YOUR INSTRUCTIONS =>
The expected response is the complete listing below, restated exactly, with its pictures omitted.

DATASET EXCERPT =>
• • • • •

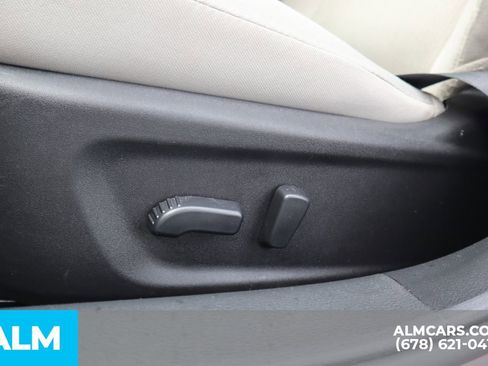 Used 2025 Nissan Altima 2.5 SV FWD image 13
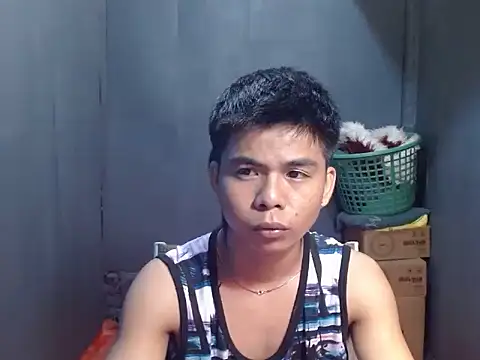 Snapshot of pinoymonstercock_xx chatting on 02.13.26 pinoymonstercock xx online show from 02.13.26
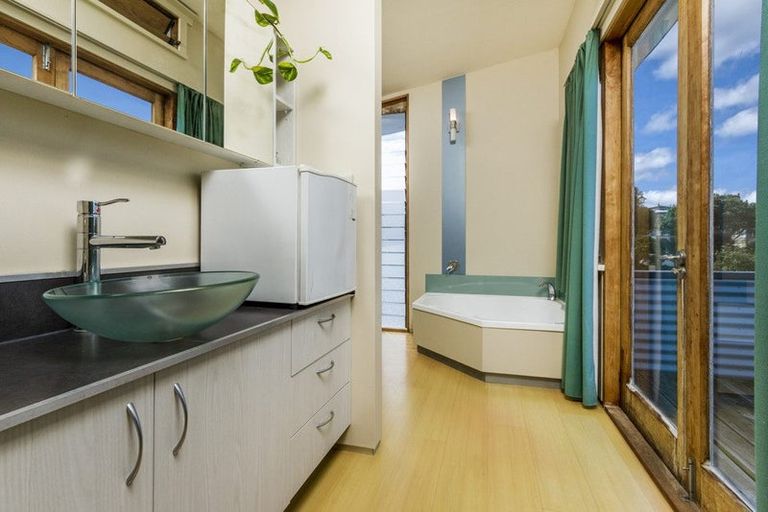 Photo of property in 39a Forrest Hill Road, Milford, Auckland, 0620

• • • • •

RESPONSE =>
 Used 2025 Nissan Altima 2.5 SV FWD image 13
 Snapshot of pinoymonstercock_xx chatting on 02.13.26 pinoymonstercock xx online show from 02.13.26
 Photo of property in 39a Forrest Hill Road, Milford, Auckland, 0620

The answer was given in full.